*Task item*. Up to and including the line that holds "Back view of", copy every line of the records below exactly, starting at the first; leave pictures out.

Brief descriptive captions
----------------------------------------

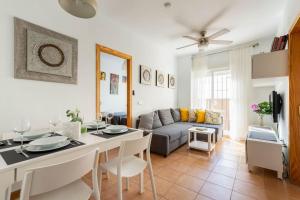 a kitchen and living room with a table and a couch at Apartamento centro Rota. 2 minutos de la playa.. in Rota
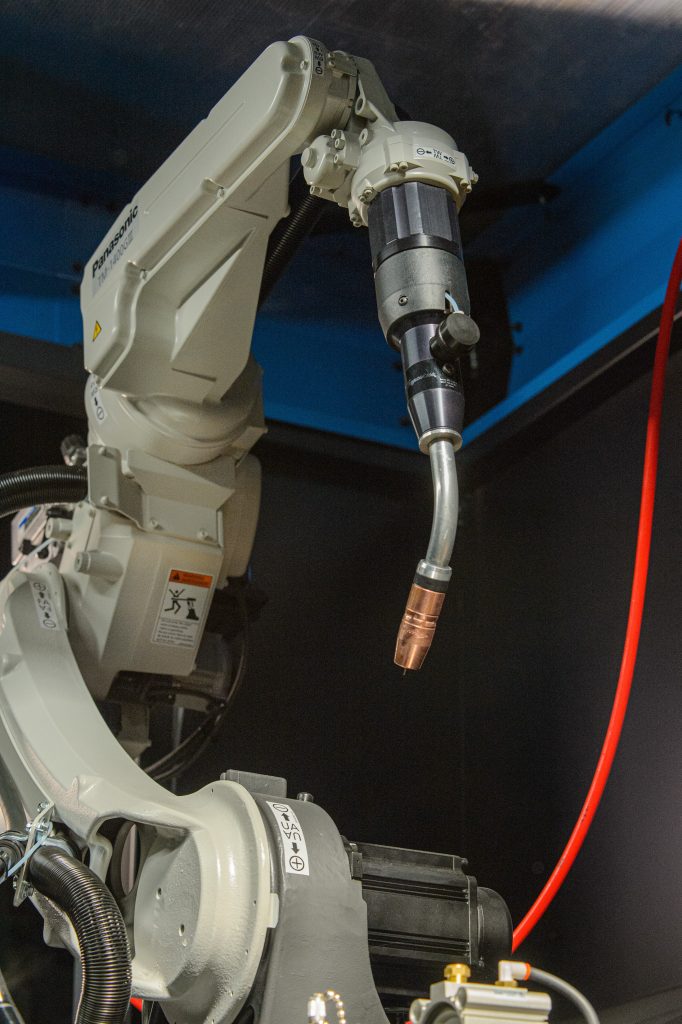 Robotic arm with robotic MIG gun in place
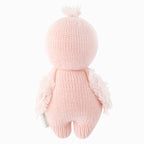 Back view of Cuddle+Kind baby flamingo hand knit stuffed toy showing wings and long legs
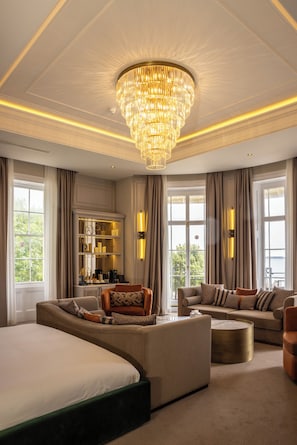 A spacious bedroom with a large bed, a sofa, a coffee table, and a chandelier. - Dover Marina Hotel & Spa, Tapestry Collection by Hilton (Dover)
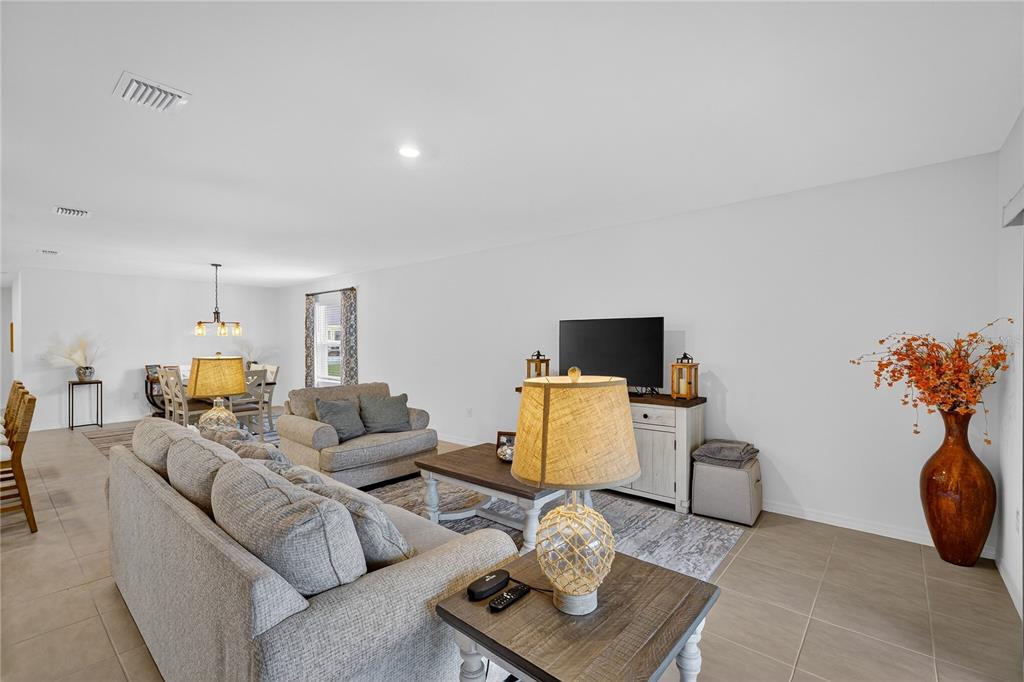 317 Riverfront Way Edgewater, FL 32141 - Photo 20 of 63 a living room with furniture and a flat screen tv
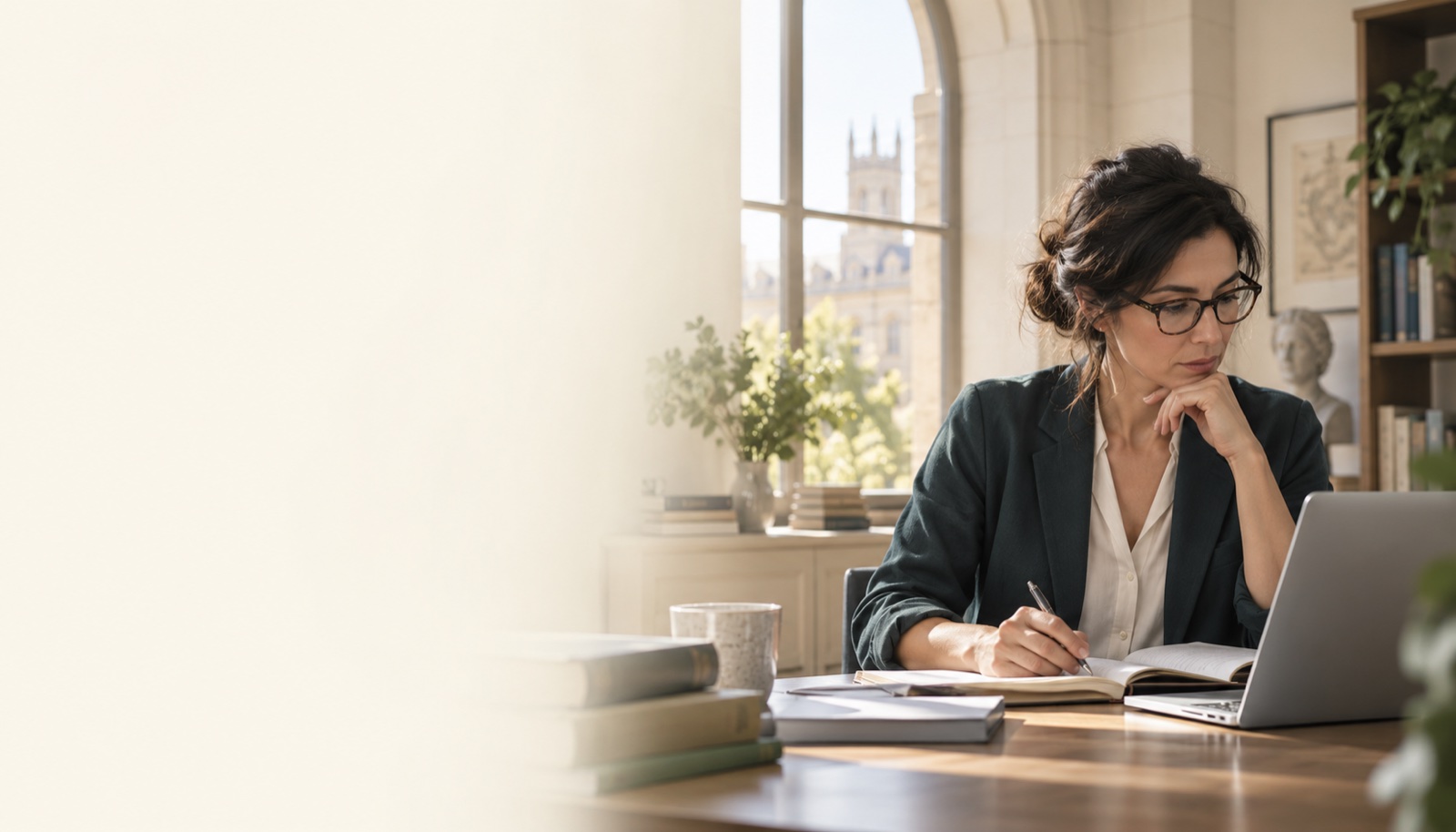 Illustrative researcher reviewing papers and making notes at a laptop
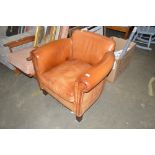 A brown leather armchair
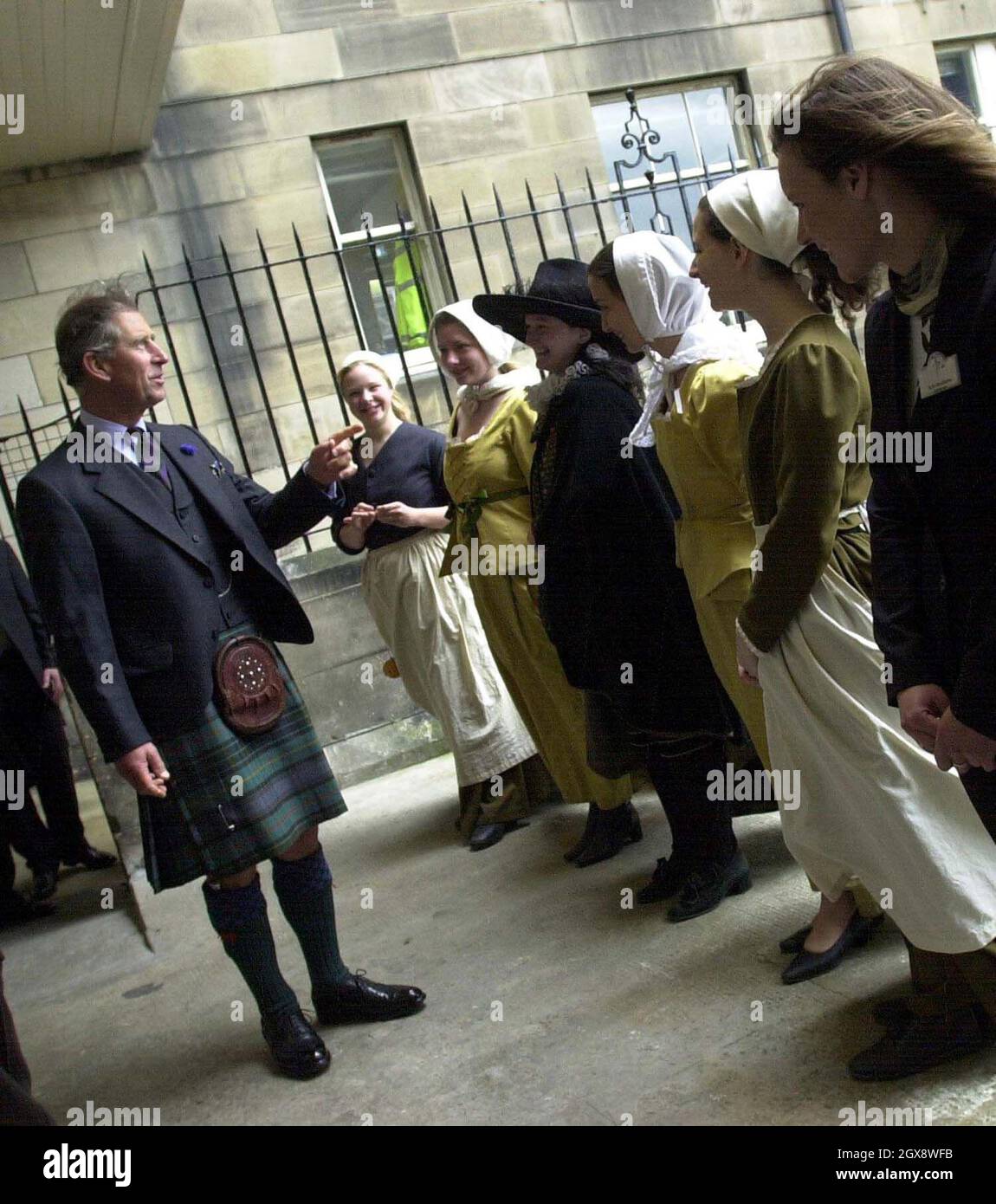 The Prince of Wales is greeted by guides in period costumes as he enters the Real Mary King's Close in Edinburgh. The Prince of Wales visited some of Scotland's top visitor attractions in a bid to raise the profile of the country's tourism industry. Â©Anwar Hussein/allaction.co.uk  Stock Photo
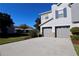 Stylish townhome featuring a two-car garage and attractive landscaping on a bright, sunny day at 2515 Hassonite St, Kissimmee, FL 34744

----------------------------------------

*Answer section*.
 a kitchen and living room with a table and a couch at Apartamento centro Rota. 2 minutos de la playa.. in Rota
 Robotic arm with robotic MIG gun in place
 Back view of Cuddle+Kind baby flamingo hand knit stuffed toy showing wings and long legs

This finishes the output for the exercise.